▸ Input data

_____

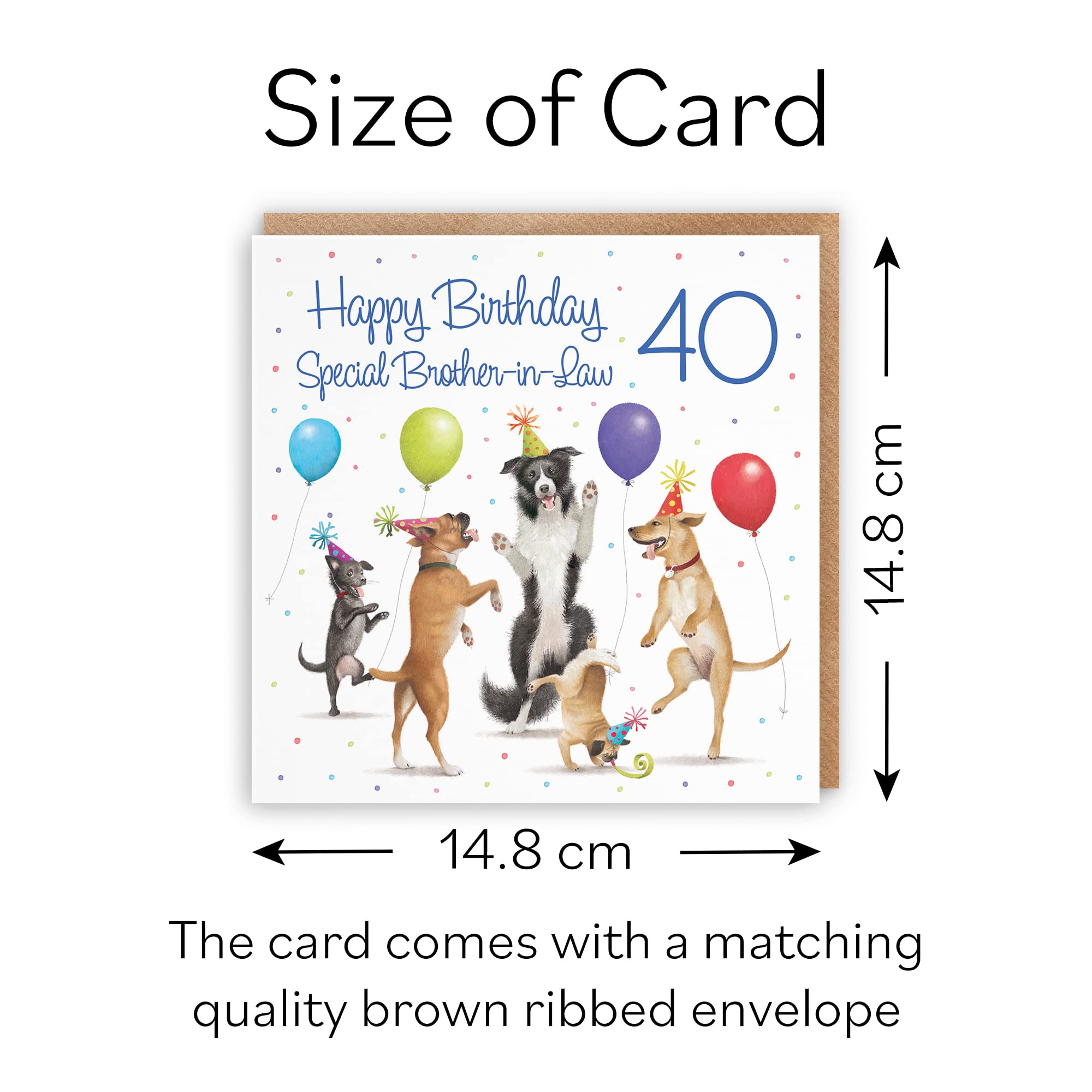 Hunts England Biglietto Auguri 40° Compleanno Per Cognato - Divertente E Originale - Formato Quadrato Con Busta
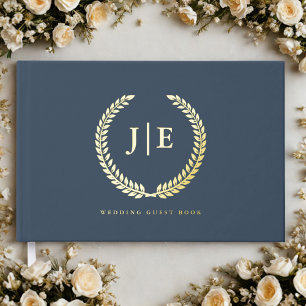 Chic Elegant Wreath Monogram Wedding Guest Book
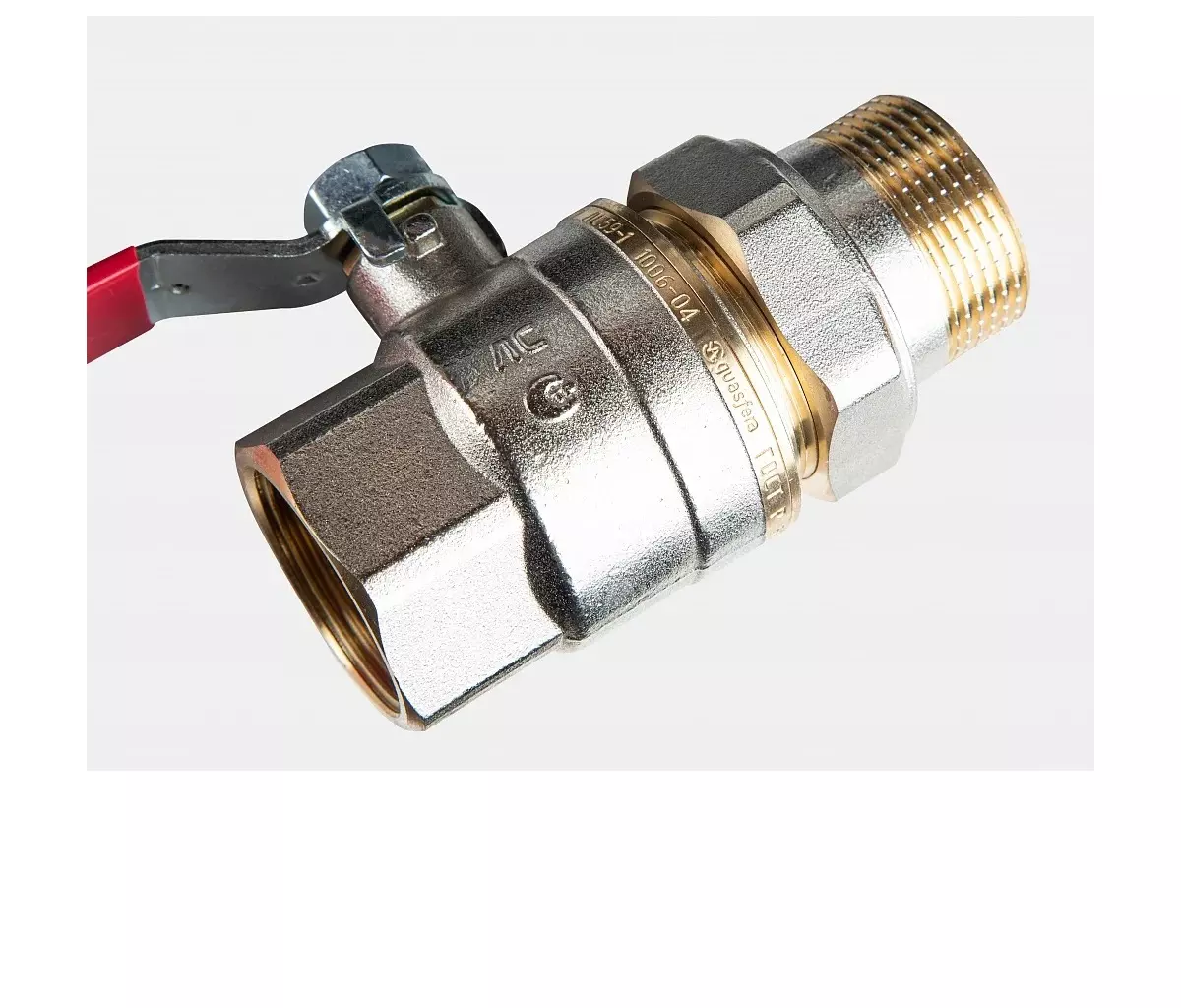 Кран шаровой полнопроходной 3/4" ВР/американка, никель, рычаг красный, Aquasfera 1006-02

_____

▸ Task item
All of the data above needs to be retyped exactly, with the pictures removed.

▸ Answer to the exercise
 Hunts England Biglietto Auguri 40° Compleanno Per Cognato - Divertente E Originale - Formato Quadrato Con Busta
 Chic Elegant Wreath Monogram Wedding Guest Book
 Кран шаровой полнопроходной 3/4" ВР/американка, никель, рычаг красный, Aquasfera 1006-02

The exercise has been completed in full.